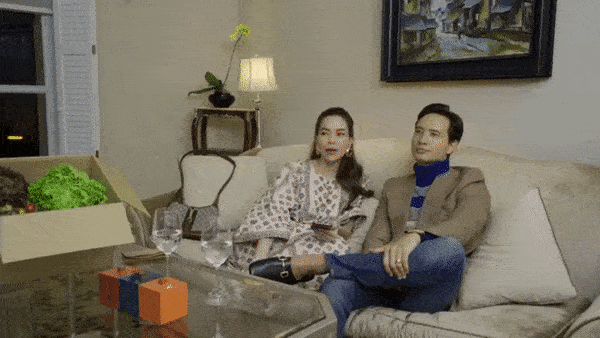 Fan nhắc chuyện giấu bụng bầu, Hà Hồ phản ứng không chê vào đâu được, đã vậy còn đánh trống lảng cực khéo-1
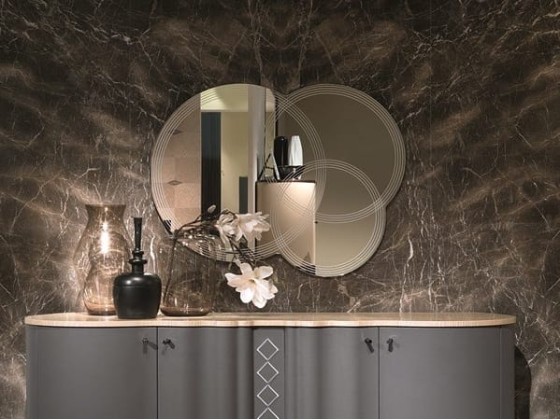 Зеркало Carpanelli IRIDE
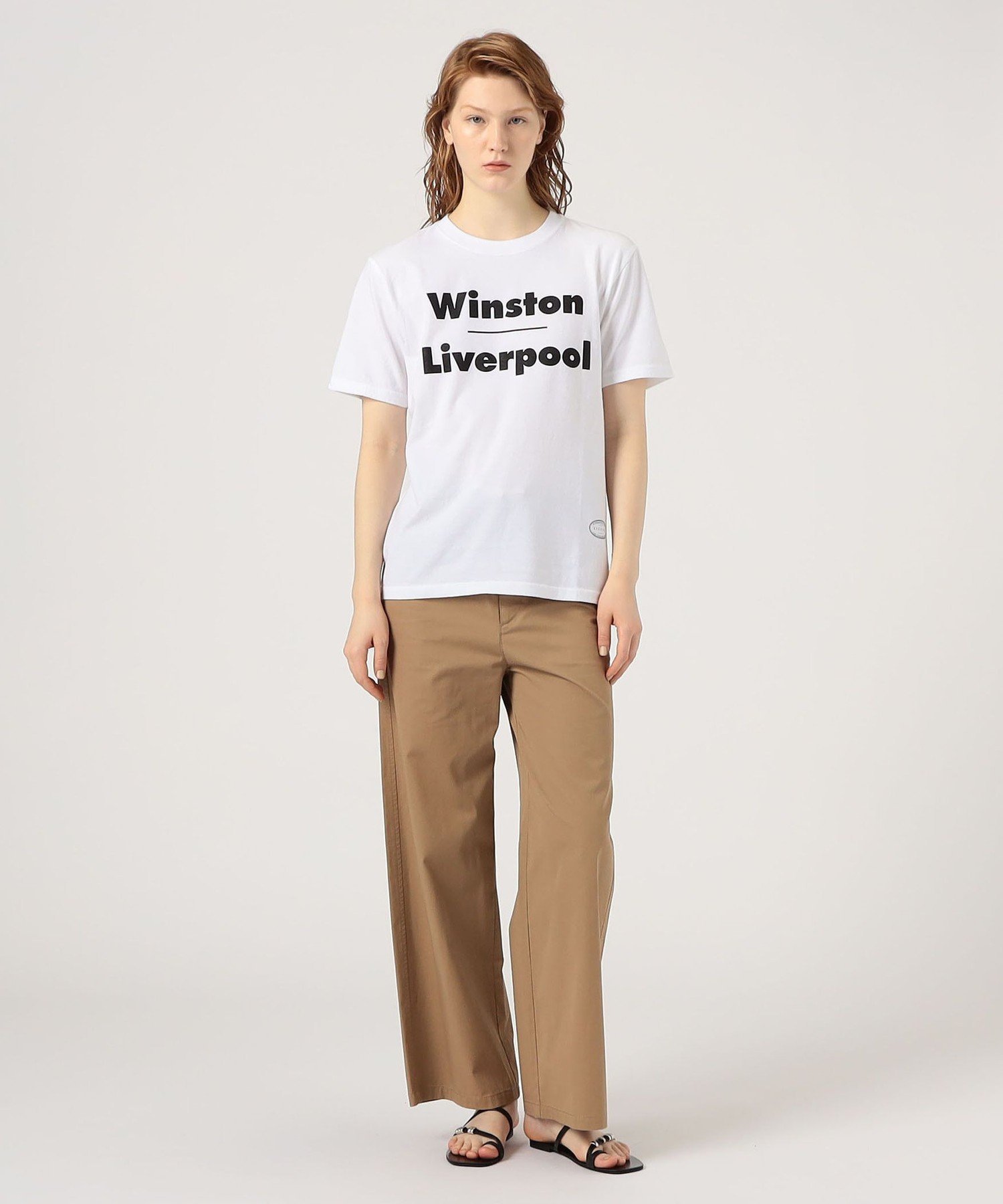 TOMORROWLAND BUYING WEAR TANGTANG GUESS WHO3 Tシャツ トゥモローランド トップス カットソー・Tシャツ ホワイト【送料無料】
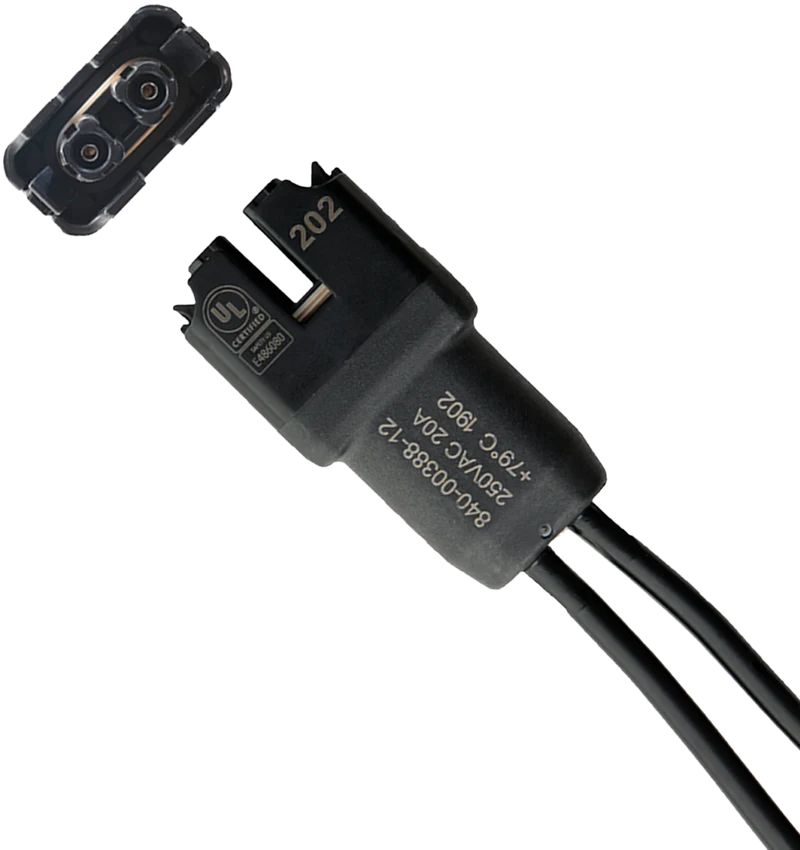 Enphase landscape Q cable for 72-cell modules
━━━━━━━━━━
Return exactly the lines running from the line with "Зеркало Carpanelli IRIDE" through the final line of the listing. Leave the pictures out.

 Зеркало Carpanelli IRIDE
 TOMORROWLAND BUYING WEAR TANGTANG GUESS WHO3 Tシャツ トゥモローランド トップス カットソー・Tシャツ ホワイト【送料無料】
 Enphase landscape Q cable for 72-cell modules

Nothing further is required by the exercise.